I WAS BEGINNING TO THINK THAT WE’D NEVER HEAR FROM YOU AGAIN. I’m a busy man. I could tell you what I’ve been doing, but do you really care?
I CARE MORE ABOUT WHAT YOU’RE DRINKING. Tonight, I have decided to try Belvedere’s Bloody Mary Vodka.
SAY WHAT? You heard me. It’s a bloody mary-flavored premium vodka.
IF THE VODKA’S SO PREMIUM, HOW COME THEY’D WANT TO FLAVOR IT? Flavored vodka is a big deal right now, and I guess Belvedere just wanted to keep up with everyone else. They can seriously make vodka taste like anything these days, so one has literally zero excuse for not drinking because “they don’t like the taste of alcohol.” Most recently, I’ve had liquor reps bring in samples of vodkas that taste like peanut butter and jelly and s’mores, respectively. It’s fucking wild.
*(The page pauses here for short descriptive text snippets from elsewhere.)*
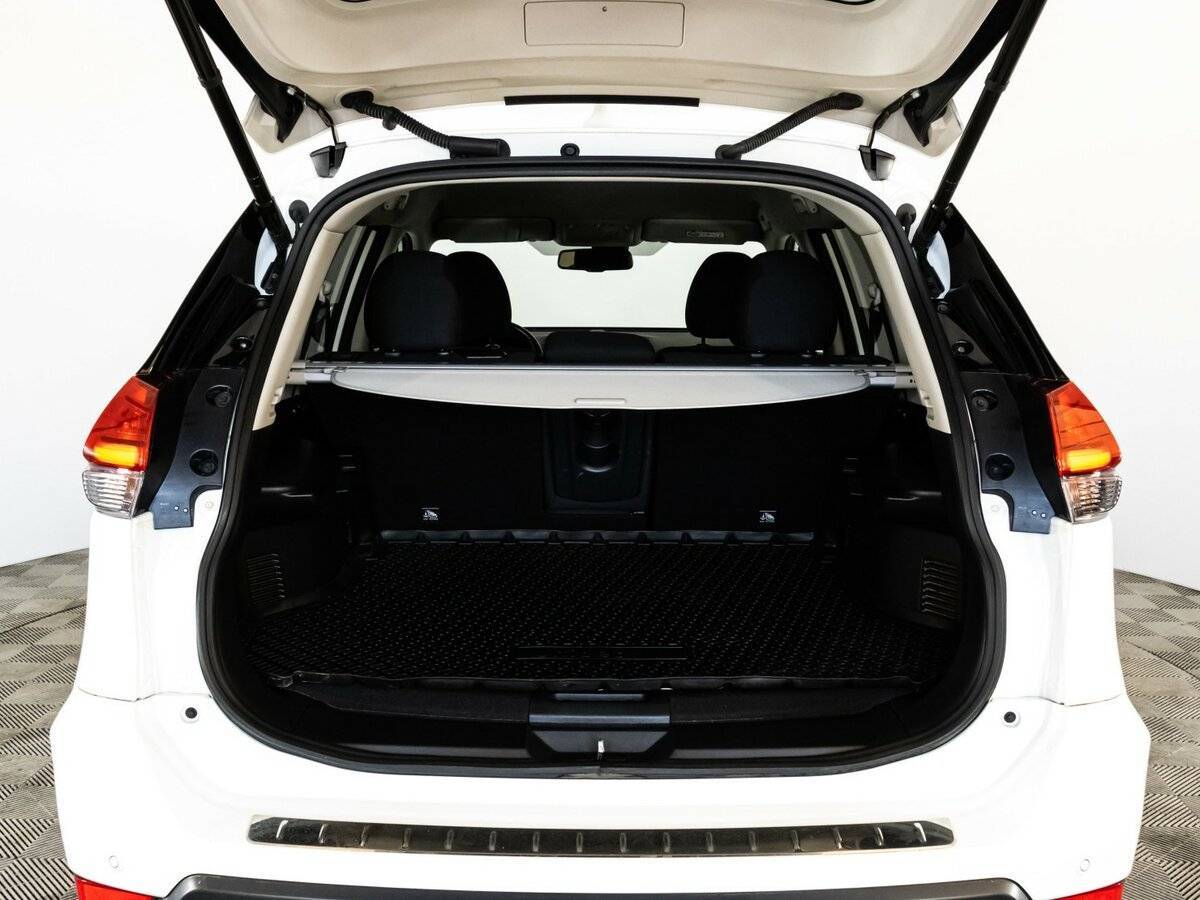 Купить Nissan X-Trail с пробегом. Фото: #19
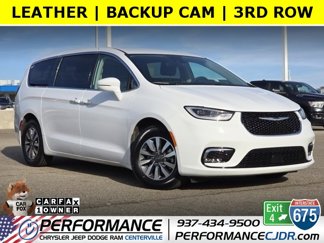 Used 2022 Chrysler Pacifica Touring-L image 1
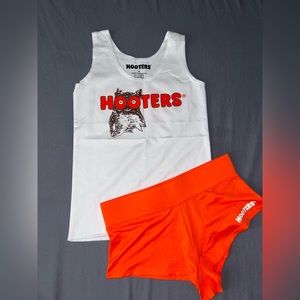 Hooters uniform
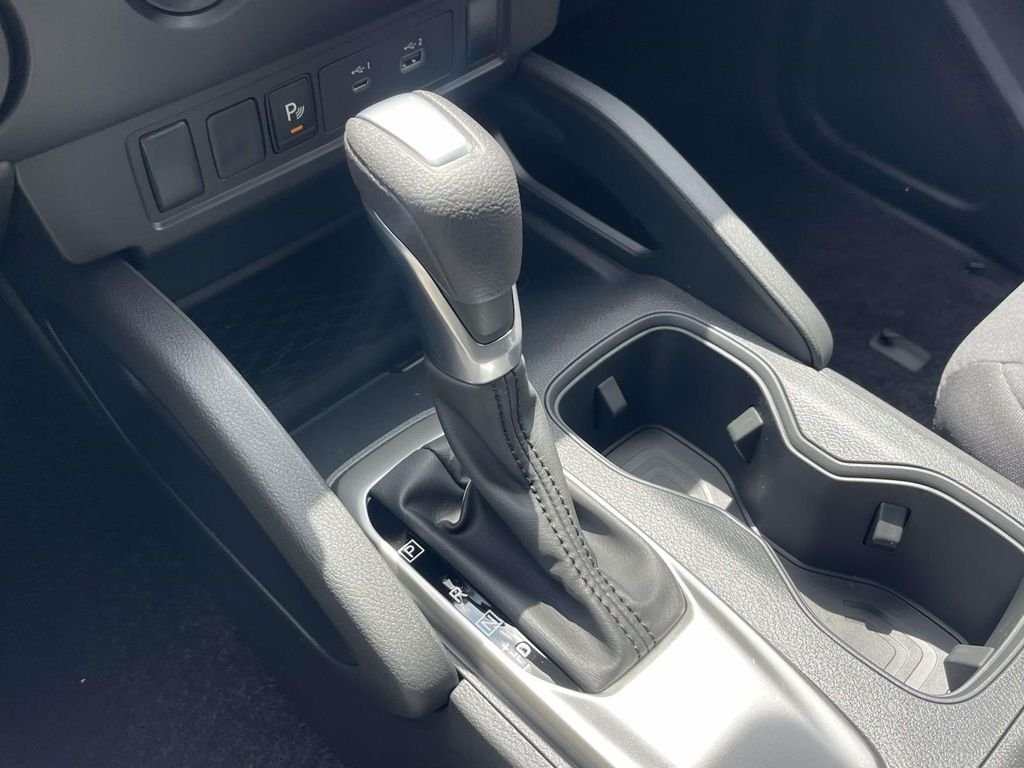 New 2026 Glacier White Nissan King Cab® S image 30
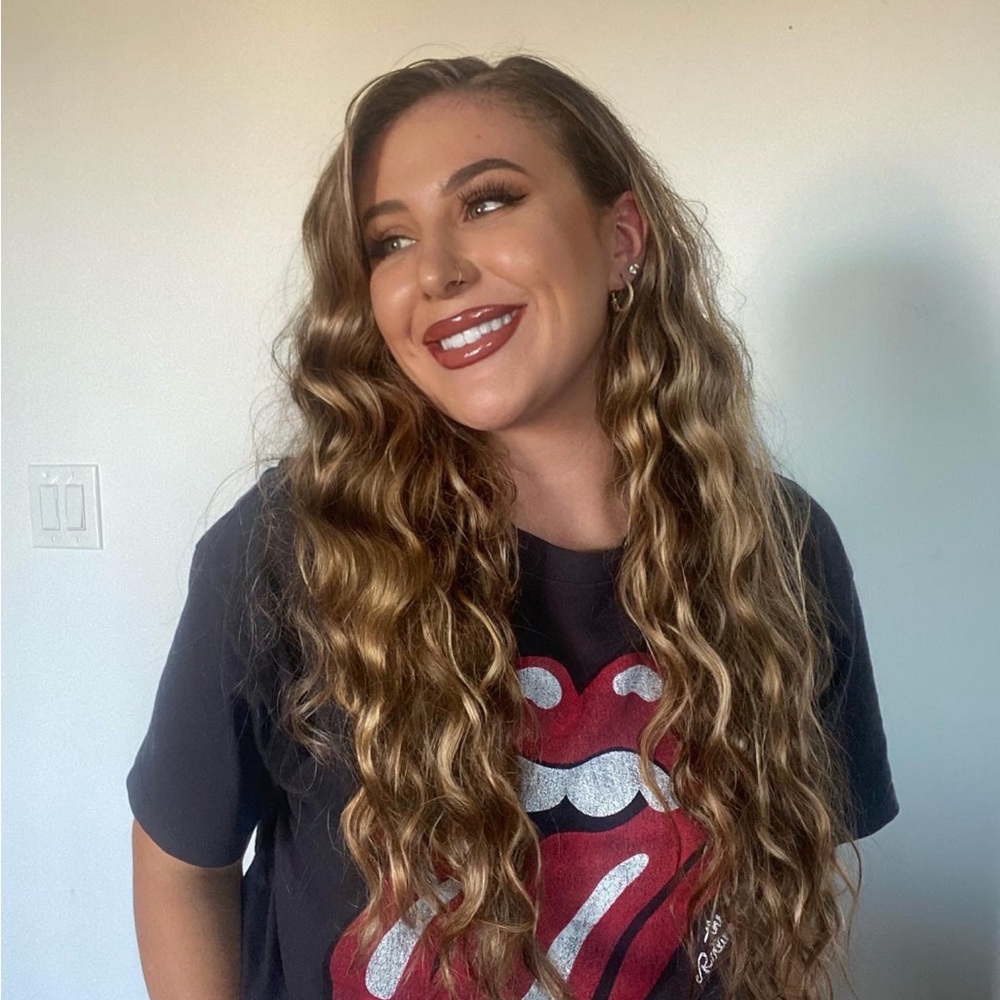 Meet your Posher, Devlin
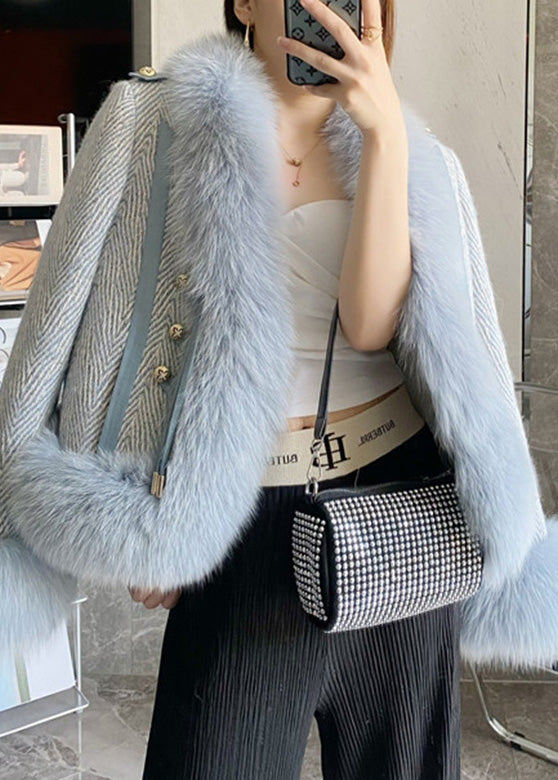 Sophisticated Coat with a Clean Classic Look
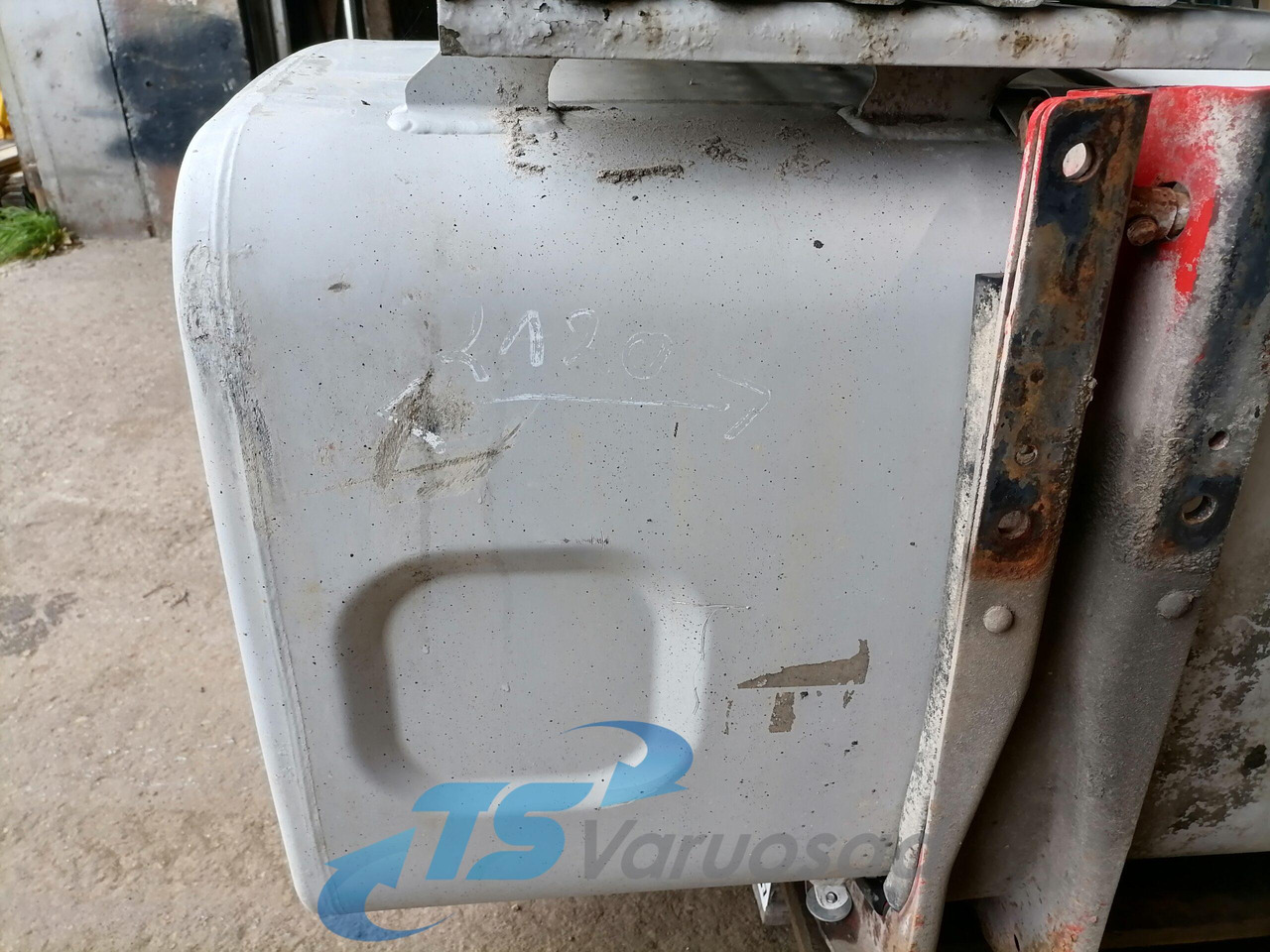 MAN Kütusepaak 780L 81122015608 - Réservoir de carburant pour Camion: photos 5 MAN Kütusepaak 780L 81122015608 - Réservoir de carburant pour Camion: photos 5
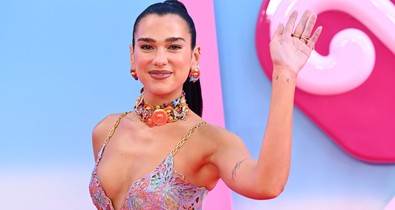 Dua Lipa úgy viseli a bugyiját, ahogy senki, mégis zseniálisan áll neki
MODERN SCIENCE, AM I RIGHT? Totally, bro.
WHERE’D YOU GET THIS STUFF? My friend, Neti Pot, gave it to me as a belated birthday gift and as a reminder that I’d told her I’d help her develop a bloody mary recipe for her restaurant, Banzo. Which I have yet to do. Because I’m an ass.
WHAT’S THIS ‘BLOODY MARY VODKA’ LIKE? You know, with a little ice, it’s good. This is definitely not something I would choose to sip on by itself, but it would mix nicely in any number of martinis or cocktails, if one felt like getting creative. The first chance I get, I’m gonna try it in a muddled cucumber Collins-type of drink. I think that’d be dope.
AND THE FLAVOR? The taste is light and peppery, with subtle horseradish and tomato notes to round it off.
WOULD YOU RECOMMEND IT? Yeah, I would. It’s pretty versatile in terms of what one could mix with it, but also simple in that you could just add tomato juice and essentially have a bloody mary ready to go at the drop of a hat. You know, for emergency crippling hangover dealings.